Con il trattato di pace di Brest-Litovsk, firmato il 3 marzo 1918, la Russia bolscevica esce dal primo conflitto mondiale ma la reazione delle forze escluse dal potere e delle potenze straniere non si fa attendere. Nella primavera del 1918 le truppe anglo-francesi sbarcano nel nord della Russia, a Murmansk e Arcangelo, mentre alcuni reparti statunitensi e giapponesi penetrano nella Siberia orientale. L’arrivo dei contingenti stranieri rafforza l’opposizione al governo bolscevico e alimenta la guerra civile tra i monarchici conservatori, i bianchi – celebri l’ammiraglio Alexandre Kolciak (1874-1920) e il generale Anton Denikin (1872-1947) – e il nuovo esercito russo, l’Armata Rossa degli operai e dei contadini. Dopo tre anni di durissimi combattimenti e pesanti distruzioni nel tessuto produttivo russo la guerra civile si conclude con la sconfitta delle armate bianche e l’uccisione, nell’estate del 1918, dello zar e di tutta la sua famiglia nei pressi di Ekaterinemburg. Durante la guerra civile i bolscevichi mutano la propria denominazione, in Partito Comunista (bolscevico) dell’URSS, e danno vita alla Terza Internazionale (Comintern) con lo scopo di creare in tutto il mondo una rete di partiti ricalcati sul modello sovietico per fare della Russia il faro del comunismo mondiale.

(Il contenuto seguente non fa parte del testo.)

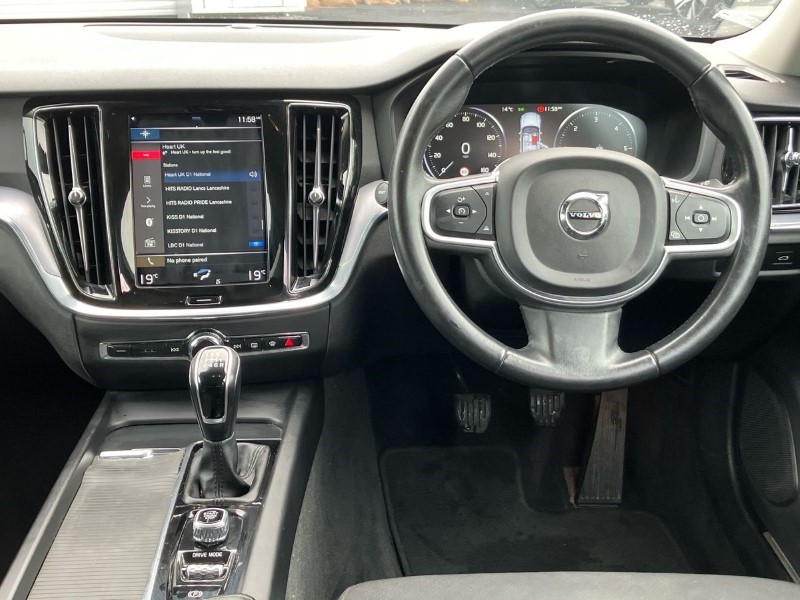 2019 (19) VOLVO V60 2.0 D4 [190] Momentum 5dr 3523870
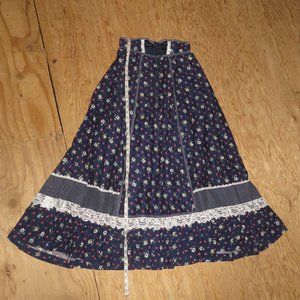 Beautiful Vintage Gunne Sax Maxi Skirt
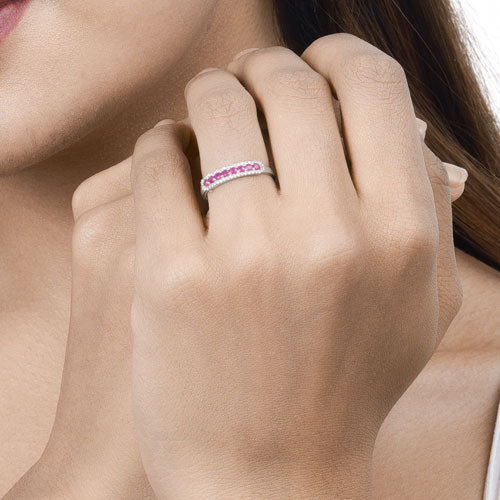 Anillo de oro blanco de 14K con rubí genuino de 0.47 quilates y diamantes blancos
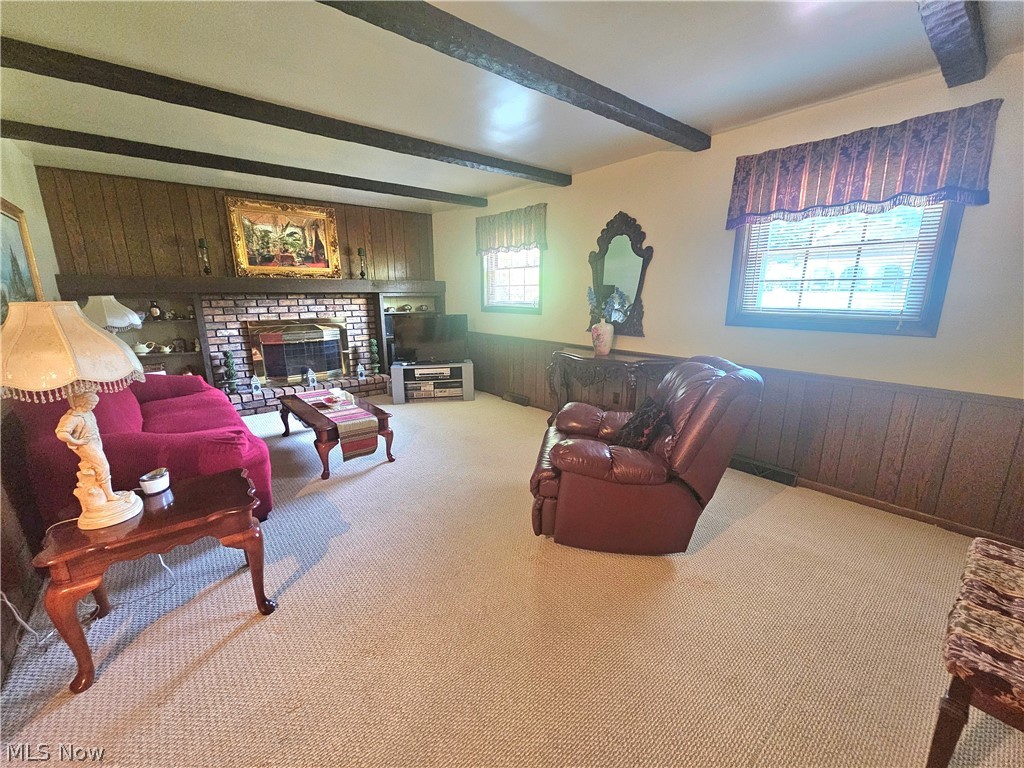 8394 Four Seasons Trail Youngstown OH 44514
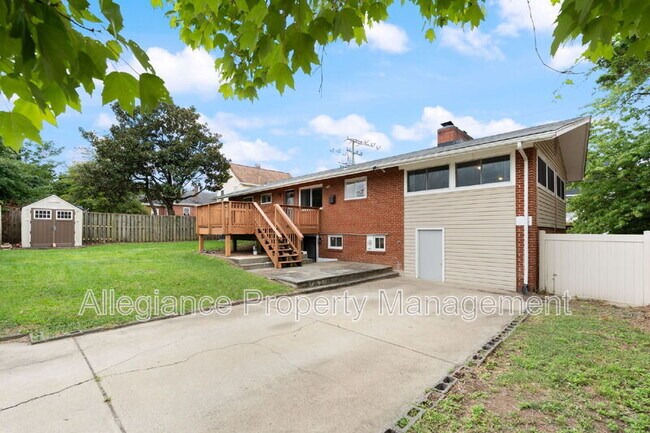 Building Photo - 2311 N Dinwiddie St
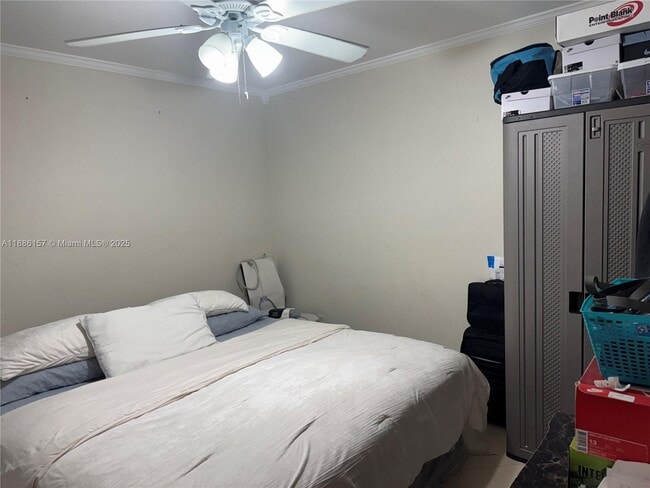 Photo - 1825 W 56th St Unit 107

A partire dall’estate del 1918 il governo bolscevico attua una autoritaria politica economica, il comunismo di guerra, per cercare di risolvere il problema degli approvvigionamenti delle città. In questo modo, mentre vengono nazionalizzati i settori industriali più importanti, nelle campagne vengono istituiti una serie di comitati con il compito di provvedere all’ammasso e alla distribuzione delle derrate. Alla fine del 1921 dopo una terribile carestia che colpisce le campagne russe e quelle ucraine diventa palese il fallimento della gestione autoritaria dell’economia che, in tre anni, ha drasticamente ridotto la produzione cerealicola, ha fatto fiorire la "borsa nera" e ha rinfocolato il malcontento diffuso nelle campagne. Il sollevamento contadino di Tambov e l’ammutinamento dei marinai di Kronstadt costringono il regime sovietico a varare, nel marzo del 1921, una Nuova Politica Economica (NEP) con l’obiettivo di stimolare la produzione agricola e di favorire l’afflusso di generi alimentari nelle città. La NEP, infatti, ponendo fine alle requisizioni dei prodotti agricoli e all’intromissione dello Stato nella gestione delle aziende agricole, permette l’esistenza di un limitato sistema di libero scambio, all’interno del quale i contadini possono massimizzare la produzione e vendere il surplus agricolo sul mercato dopo aver pagato una tassa in natura allo Stato.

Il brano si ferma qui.